Tutorial¶
Note
This tutorial is available as an IPython notebook here.
%matplotlib inline
import matplotlib.pyplot as plt
plt.style.use('ggplot')
from itertools import chain
import nltk
import sklearn
import scipy.stats
from sklearn.metrics import make_scorer
from sklearn.cross_validation import cross_val_score
from sklearn.grid_search import RandomizedSearchCV
import sklearn_crfsuite
from sklearn_crfsuite import scorers
from sklearn_crfsuite import metrics
Let’s use CoNLL 2002 data to build a NER system¶
CoNLL2002 corpus is available in NLTK. We use Spanish data.
nltk.corpus.conll2002.fileids()
['esp.testa', 'esp.testb', 'esp.train', 'ned.testa', 'ned.testb', 'ned.train']
%%time
train_sents = list(nltk.corpus.conll2002.iob_sents('esp.train'))
test_sents = list(nltk.corpus.conll2002.iob_sents('esp.testb'))
CPU times: user 2.91 s, sys: 108 ms, total: 3.02 s
Wall time: 3.13 s
train_sents[0]
[('Melbourne', 'NP', 'B-LOC'),
('(', 'Fpa', 'O'),
('Australia', 'NP', 'B-LOC'),
(')', 'Fpt', 'O'),
(',', 'Fc', 'O'),
('25', 'Z', 'O'),
('may', 'NC', 'O'),
('(', 'Fpa', 'O'),
('EFE', 'NC', 'B-ORG'),
(')', 'Fpt', 'O'),
('.', 'Fp', 'O')]
Features¶
Next, define some features.

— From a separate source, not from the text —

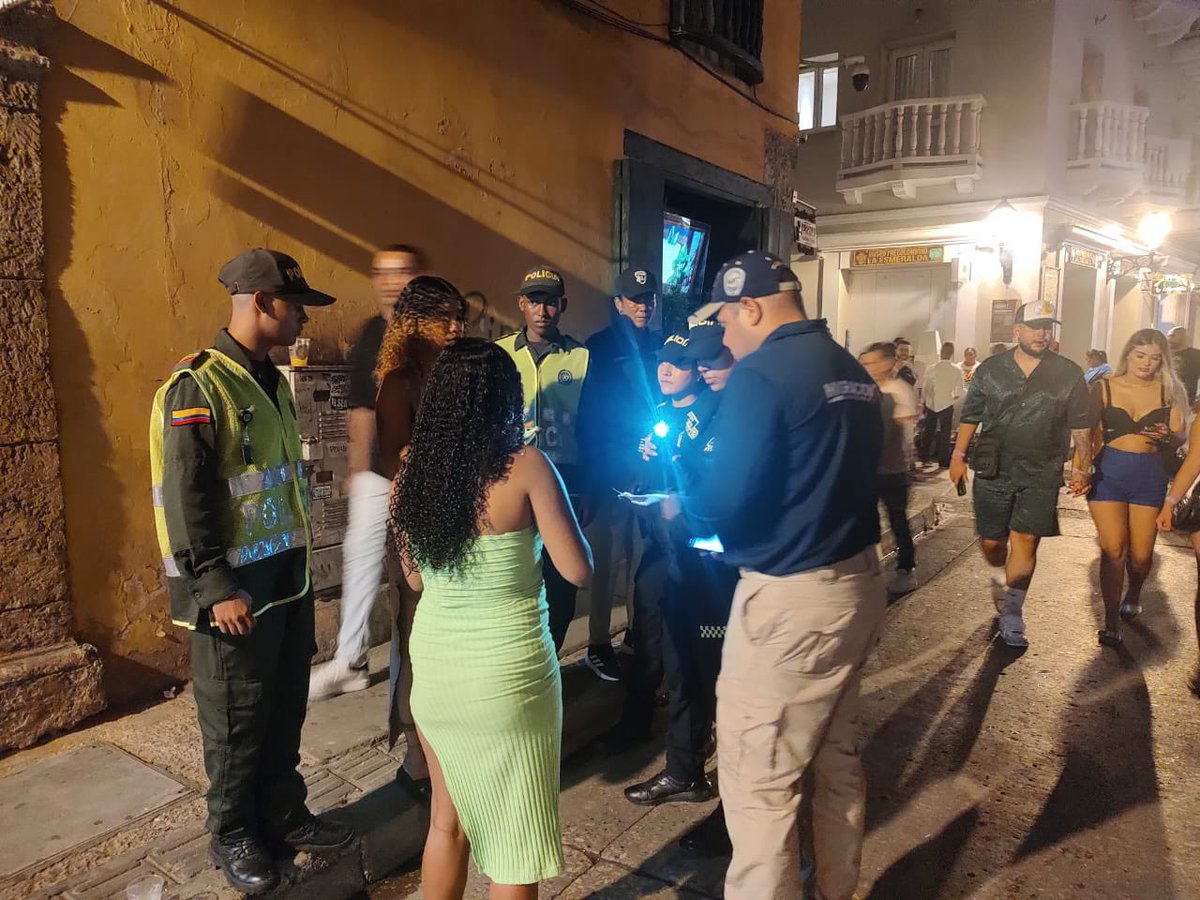 En Cartagena no bajamos la guardia para prevenir y combatir la #TrataDePersonas y la #ExplotaciónSexual. En coordinación con @PoliciaColombia y la alcaldía distrital realizamos labores de control y verificación migratoria en vías públicas del Centro Histórico.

In this example we use word identity, word suffix, word shape and word POS tag; also, some information from nearby words is used.
This makes a simple baseline, but you certainly can add and remove some features to get (much?) better results - experiment with it.
sklearn-crfsuite (and python-crfsuite) supports several feature formats; here we use feature dicts.
def word2features(sent, i):
word = sent[i][0]
postag = sent[i][1]
features = {
'bias': 1.0,
'word.lower()': word.lower(),
'word[-3:]': word[-3:],
'word[-2:]': word[-2:],
'word.isupper()': word.isupper(),
'word.istitle()': word.istitle(),
'word.isdigit()': word.isdigit(),
'postag': postag,
'postag[:2]': postag[:2],
}
if i > 0:
word1 = sent[i-1][0]
postag1 = sent[i-1][1]
features.update({
'-1:word.lower()': word1.lower(),
'-1:word.istitle()': word1.istitle(),
'-1:word.isupper()': word1.isupper(),
'-1:postag': postag1,
'-1:postag[:2]': postag1[:2],
})
else:
features['BOS'] = True
if i < len(sent)-1:
word1 = sent[i+1][0]
postag1 = sent[i+1][1]
features.update({
'+1:word.lower()': word1.lower(),
'+1:word.istitle()': word1.istitle(),
'+1:word.isupper()': word1.isupper(),
'+1:postag': postag1,
'+1:postag[:2]': postag1[:2],
})
else:
features['EOS'] = True
return features
def sent2features(sent):
return [word2features(sent, i) for i in range(len(sent))]
def sent2labels(sent):
return [label for token, postag, label in sent]
def sent2tokens(sent):
return [token for token, postag, label in sent]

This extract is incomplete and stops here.